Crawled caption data
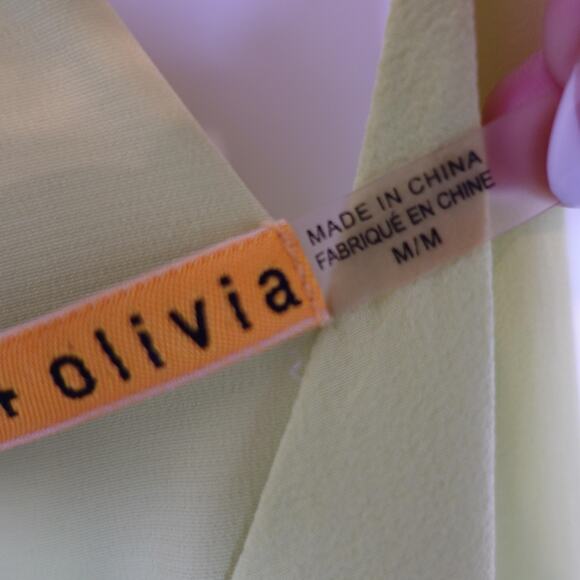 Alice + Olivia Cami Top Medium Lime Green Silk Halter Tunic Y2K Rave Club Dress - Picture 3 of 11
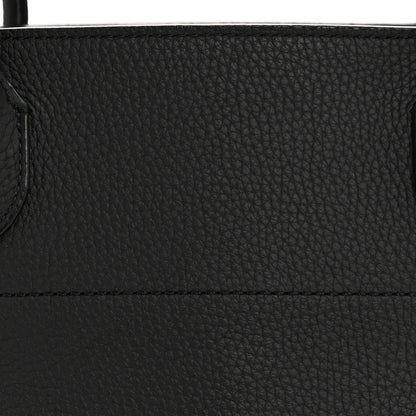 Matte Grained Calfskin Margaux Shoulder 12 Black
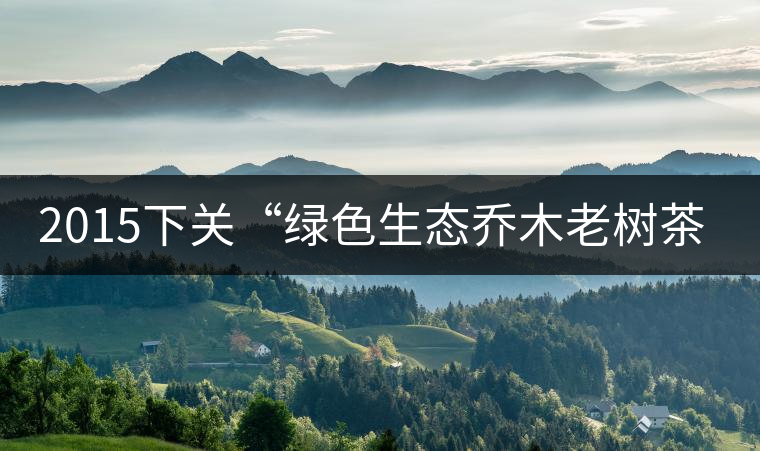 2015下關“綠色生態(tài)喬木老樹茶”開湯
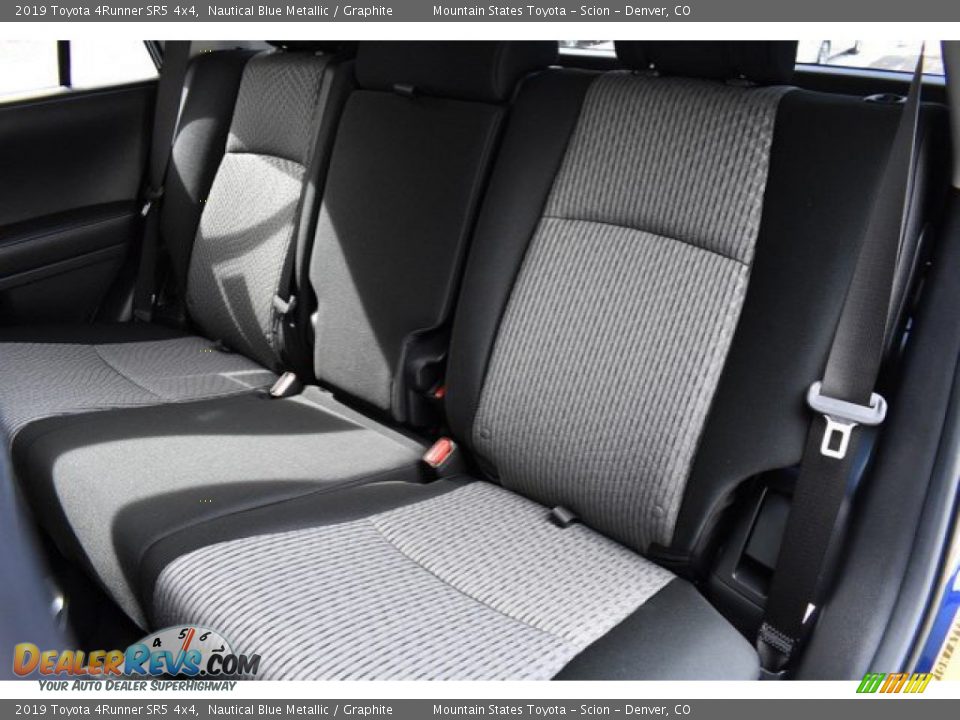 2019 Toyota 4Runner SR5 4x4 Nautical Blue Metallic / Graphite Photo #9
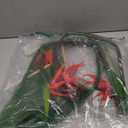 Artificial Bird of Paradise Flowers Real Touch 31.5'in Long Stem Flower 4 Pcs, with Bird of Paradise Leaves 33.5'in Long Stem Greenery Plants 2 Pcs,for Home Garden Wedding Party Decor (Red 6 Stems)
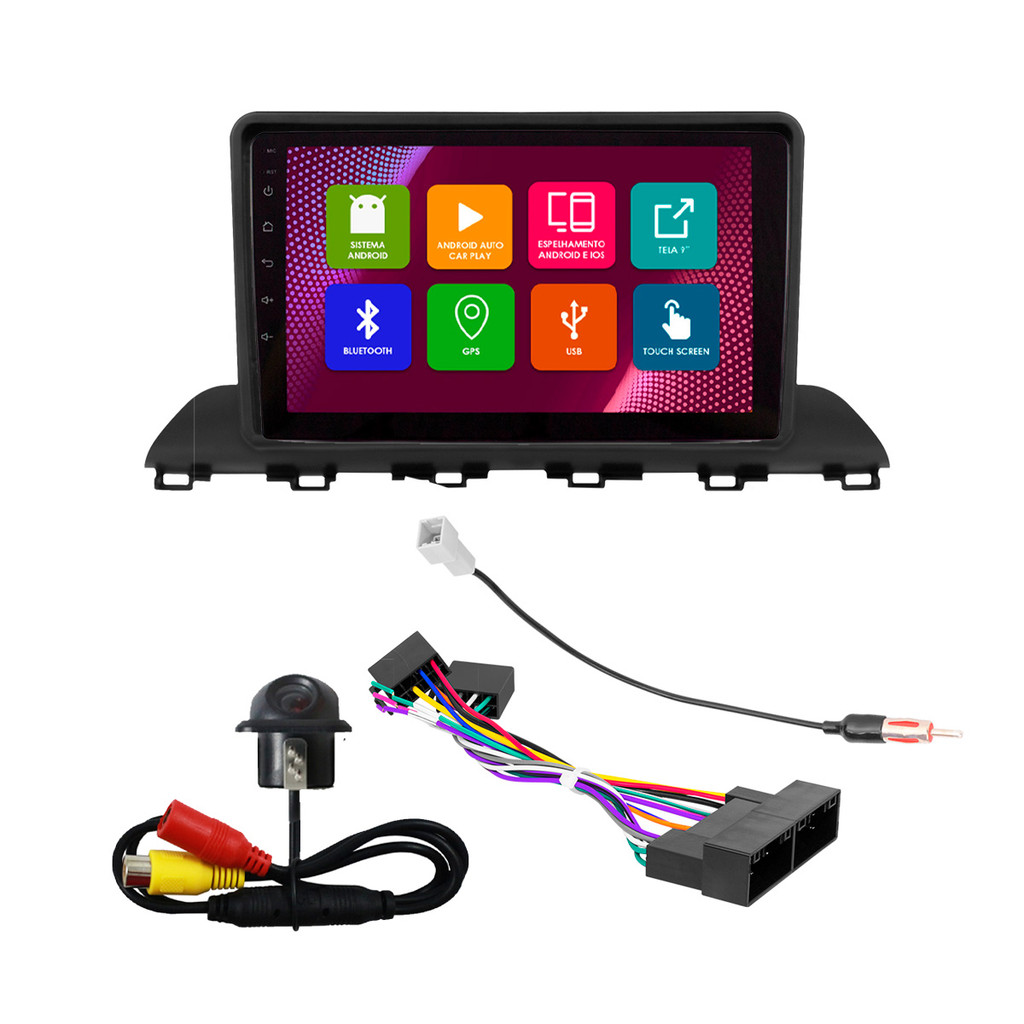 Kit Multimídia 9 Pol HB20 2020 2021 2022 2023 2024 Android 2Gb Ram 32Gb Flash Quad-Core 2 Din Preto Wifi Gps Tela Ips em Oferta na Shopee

_What the exercise asks_
Exclude the pictures, then retype every record exactly.

_Response_
 Alice + Olivia Cami Top Medium Lime Green Silk Halter Tunic Y2K Rave Club Dress - Picture 3 of 11
 Matte Grained Calfskin Margaux Shoulder 12 Black
 2015下關“綠色生態(tài)喬木老樹茶”開湯
 2019 Toyota 4Runner SR5 4x4 Nautical Blue Metallic / Graphite Photo #9
 Artificial Bird of Paradise Flowers Real Touch 31.5'in Long Stem Flower 4 Pcs, with Bird of Paradise Leaves 33.5'in Long Stem Greenery Plants 2 Pcs,for Home Garden Wedding Party Decor (Red 6 Stems)
 Kit Multimídia 9 Pol HB20 2020 2021 2022 2023 2024 Android 2Gb Ram 32Gb Flash Quad-Core 2 Din Preto Wifi Gps Tela Ips em Oferta na Shopee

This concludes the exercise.